■ Directions:
Among the entries beneath this sentence, how many lines include the word "vidaXL"? Only the number is wanted.
BEGIN
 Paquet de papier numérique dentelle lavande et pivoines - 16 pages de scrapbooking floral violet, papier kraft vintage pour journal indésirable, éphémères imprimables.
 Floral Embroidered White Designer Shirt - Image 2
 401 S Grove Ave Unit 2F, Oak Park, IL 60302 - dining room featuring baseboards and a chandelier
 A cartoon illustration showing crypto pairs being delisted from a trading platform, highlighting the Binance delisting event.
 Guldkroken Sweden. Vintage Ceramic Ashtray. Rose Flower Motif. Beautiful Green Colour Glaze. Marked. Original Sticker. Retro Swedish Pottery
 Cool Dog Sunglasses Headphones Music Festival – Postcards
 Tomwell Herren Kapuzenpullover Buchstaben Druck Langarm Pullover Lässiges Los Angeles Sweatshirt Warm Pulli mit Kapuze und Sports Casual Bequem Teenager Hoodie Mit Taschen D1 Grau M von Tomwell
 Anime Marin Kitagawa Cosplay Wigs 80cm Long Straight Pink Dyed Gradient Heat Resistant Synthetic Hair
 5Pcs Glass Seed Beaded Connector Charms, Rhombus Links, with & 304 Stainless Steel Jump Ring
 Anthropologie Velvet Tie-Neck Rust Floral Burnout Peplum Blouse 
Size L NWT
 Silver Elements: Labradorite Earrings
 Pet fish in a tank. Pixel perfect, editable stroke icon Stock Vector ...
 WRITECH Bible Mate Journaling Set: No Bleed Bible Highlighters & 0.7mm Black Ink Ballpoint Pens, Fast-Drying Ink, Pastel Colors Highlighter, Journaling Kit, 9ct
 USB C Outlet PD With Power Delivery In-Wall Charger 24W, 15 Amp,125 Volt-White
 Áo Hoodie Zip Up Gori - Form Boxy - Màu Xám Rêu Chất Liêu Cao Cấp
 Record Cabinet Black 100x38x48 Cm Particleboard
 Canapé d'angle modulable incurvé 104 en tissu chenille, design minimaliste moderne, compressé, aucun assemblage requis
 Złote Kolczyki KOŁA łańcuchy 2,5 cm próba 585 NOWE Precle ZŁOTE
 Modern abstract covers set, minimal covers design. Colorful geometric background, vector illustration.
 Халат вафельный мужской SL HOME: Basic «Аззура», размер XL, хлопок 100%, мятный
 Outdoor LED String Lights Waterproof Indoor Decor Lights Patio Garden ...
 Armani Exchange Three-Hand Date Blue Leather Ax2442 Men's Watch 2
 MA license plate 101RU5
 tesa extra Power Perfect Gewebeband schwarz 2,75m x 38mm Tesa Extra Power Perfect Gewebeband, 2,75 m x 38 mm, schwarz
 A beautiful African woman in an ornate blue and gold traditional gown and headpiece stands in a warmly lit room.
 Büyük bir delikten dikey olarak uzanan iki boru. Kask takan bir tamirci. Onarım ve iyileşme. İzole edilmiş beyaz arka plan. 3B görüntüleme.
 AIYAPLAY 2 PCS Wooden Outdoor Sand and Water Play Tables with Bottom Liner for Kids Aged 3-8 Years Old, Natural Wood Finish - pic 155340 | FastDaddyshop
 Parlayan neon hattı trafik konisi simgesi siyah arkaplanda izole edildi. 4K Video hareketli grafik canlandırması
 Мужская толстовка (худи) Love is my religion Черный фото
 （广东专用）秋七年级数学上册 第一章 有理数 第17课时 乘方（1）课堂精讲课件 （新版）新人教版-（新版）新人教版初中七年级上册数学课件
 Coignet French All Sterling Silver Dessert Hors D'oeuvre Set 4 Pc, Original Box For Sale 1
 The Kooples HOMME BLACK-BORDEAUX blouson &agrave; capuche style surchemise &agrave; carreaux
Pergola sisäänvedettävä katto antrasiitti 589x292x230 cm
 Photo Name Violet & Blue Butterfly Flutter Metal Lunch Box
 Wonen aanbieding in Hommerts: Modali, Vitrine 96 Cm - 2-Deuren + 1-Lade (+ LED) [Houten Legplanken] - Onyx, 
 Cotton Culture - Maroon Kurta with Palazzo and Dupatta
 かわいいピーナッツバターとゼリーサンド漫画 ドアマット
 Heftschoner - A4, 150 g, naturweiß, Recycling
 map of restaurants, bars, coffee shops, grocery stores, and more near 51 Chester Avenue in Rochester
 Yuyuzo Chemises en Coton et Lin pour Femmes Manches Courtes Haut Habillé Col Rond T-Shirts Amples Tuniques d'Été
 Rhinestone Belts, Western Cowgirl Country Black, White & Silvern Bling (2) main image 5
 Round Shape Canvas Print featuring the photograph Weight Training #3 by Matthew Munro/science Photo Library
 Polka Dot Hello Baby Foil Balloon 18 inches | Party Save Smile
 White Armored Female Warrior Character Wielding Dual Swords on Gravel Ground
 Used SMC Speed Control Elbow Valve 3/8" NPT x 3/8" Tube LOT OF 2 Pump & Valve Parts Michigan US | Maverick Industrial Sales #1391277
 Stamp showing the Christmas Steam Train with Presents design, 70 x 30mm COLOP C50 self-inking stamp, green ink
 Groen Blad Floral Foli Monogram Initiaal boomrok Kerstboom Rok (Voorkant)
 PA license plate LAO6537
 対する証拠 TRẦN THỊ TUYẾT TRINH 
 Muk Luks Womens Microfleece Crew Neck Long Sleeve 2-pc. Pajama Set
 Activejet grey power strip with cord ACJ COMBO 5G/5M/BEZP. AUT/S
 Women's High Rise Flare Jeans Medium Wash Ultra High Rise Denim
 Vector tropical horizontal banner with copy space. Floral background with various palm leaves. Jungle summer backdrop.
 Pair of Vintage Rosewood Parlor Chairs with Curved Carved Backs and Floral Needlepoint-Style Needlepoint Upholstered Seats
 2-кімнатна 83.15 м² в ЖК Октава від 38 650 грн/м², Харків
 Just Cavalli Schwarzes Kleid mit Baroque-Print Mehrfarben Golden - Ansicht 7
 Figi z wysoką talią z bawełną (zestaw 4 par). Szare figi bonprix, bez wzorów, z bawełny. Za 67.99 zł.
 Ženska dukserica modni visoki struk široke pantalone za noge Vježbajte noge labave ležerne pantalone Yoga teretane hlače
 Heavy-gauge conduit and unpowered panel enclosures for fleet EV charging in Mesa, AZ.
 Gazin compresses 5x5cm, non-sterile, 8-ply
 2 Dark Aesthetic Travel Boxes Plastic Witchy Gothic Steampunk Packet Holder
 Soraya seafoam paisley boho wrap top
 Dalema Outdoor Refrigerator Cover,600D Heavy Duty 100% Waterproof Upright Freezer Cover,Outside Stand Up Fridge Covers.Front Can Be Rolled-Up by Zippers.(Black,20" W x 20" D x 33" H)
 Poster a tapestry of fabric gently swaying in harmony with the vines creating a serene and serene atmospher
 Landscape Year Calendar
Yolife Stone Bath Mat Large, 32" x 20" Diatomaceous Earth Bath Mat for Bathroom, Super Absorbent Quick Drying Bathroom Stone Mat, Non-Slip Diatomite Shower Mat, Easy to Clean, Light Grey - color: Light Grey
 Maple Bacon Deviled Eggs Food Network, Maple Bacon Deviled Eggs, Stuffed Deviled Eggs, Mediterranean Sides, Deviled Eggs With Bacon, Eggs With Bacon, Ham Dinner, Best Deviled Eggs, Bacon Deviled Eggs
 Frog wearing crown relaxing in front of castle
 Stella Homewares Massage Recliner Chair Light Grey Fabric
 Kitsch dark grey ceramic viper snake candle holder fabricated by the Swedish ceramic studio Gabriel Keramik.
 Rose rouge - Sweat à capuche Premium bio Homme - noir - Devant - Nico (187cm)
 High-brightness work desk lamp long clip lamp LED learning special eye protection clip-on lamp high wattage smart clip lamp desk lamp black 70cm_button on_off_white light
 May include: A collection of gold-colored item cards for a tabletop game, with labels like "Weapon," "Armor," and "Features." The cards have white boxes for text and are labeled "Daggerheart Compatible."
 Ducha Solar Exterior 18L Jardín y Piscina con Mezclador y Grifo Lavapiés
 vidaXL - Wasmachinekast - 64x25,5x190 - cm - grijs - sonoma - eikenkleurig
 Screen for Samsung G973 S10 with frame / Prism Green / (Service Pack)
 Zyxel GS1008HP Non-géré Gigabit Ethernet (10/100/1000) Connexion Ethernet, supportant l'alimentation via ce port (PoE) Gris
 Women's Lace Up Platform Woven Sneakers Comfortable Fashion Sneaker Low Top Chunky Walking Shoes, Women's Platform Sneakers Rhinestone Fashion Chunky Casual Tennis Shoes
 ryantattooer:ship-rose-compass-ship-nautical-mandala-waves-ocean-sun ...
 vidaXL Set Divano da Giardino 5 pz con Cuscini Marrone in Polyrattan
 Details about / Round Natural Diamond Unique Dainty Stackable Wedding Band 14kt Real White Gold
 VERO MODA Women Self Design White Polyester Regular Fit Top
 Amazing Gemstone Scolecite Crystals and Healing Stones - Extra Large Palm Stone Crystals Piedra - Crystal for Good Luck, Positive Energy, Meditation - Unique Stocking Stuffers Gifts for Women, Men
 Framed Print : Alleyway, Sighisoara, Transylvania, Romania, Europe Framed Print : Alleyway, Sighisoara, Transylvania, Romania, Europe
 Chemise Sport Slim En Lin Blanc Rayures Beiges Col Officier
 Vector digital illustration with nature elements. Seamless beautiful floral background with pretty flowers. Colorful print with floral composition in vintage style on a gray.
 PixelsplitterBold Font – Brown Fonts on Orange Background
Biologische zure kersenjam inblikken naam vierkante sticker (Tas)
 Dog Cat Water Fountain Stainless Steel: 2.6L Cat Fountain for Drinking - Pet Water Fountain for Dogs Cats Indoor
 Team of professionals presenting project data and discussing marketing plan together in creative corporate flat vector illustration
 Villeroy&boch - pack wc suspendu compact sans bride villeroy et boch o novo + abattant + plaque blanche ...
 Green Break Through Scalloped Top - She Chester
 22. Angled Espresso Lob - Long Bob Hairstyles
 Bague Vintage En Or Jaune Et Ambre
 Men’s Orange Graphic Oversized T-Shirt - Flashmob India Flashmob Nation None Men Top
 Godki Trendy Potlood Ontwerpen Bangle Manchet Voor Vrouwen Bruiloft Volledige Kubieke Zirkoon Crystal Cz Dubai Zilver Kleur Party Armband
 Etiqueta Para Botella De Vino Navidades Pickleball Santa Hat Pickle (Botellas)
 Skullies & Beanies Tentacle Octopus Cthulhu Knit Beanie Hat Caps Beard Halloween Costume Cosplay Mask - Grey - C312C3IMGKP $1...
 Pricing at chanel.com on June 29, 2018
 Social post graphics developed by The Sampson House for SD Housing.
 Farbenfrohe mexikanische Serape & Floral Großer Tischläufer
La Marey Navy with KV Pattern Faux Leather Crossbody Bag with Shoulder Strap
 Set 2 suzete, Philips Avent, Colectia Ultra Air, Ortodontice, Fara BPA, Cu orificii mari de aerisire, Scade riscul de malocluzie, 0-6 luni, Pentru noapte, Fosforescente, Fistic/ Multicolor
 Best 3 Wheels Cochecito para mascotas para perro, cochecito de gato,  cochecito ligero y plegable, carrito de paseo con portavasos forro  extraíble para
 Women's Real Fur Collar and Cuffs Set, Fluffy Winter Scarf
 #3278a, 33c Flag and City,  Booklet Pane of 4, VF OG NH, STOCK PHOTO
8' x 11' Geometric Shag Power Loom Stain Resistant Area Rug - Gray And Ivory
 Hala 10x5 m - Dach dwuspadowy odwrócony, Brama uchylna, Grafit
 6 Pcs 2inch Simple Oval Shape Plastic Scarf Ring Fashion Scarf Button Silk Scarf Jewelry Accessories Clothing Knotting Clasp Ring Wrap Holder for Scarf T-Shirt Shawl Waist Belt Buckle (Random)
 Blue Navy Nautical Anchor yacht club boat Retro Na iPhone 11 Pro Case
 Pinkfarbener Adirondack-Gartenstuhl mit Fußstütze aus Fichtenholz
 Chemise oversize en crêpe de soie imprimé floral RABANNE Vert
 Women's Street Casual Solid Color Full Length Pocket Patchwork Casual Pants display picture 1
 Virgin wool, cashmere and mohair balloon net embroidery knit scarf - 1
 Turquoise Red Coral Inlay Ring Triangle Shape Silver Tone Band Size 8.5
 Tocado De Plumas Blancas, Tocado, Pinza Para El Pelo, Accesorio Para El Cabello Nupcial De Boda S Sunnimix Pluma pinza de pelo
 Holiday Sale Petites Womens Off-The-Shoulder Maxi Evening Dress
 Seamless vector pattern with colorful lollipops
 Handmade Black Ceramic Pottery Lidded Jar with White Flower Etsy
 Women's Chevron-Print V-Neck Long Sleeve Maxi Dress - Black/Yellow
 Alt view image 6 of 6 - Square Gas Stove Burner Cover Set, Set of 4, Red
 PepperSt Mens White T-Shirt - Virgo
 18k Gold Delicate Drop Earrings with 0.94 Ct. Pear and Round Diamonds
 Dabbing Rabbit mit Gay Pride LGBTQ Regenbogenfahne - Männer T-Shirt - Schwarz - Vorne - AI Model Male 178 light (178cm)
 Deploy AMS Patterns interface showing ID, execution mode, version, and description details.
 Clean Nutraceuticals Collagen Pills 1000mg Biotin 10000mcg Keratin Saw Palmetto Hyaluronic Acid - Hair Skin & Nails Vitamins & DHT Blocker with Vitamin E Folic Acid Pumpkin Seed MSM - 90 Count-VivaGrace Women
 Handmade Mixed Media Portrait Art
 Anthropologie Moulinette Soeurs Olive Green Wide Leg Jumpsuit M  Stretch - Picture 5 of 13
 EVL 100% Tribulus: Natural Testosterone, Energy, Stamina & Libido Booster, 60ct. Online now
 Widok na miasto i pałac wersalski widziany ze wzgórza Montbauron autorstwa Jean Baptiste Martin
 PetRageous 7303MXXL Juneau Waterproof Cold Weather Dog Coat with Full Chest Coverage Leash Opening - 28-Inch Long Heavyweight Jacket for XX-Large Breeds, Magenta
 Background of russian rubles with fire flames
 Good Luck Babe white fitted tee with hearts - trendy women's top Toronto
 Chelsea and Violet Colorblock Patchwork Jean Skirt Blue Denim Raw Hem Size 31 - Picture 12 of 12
END
■ Expected answer:
2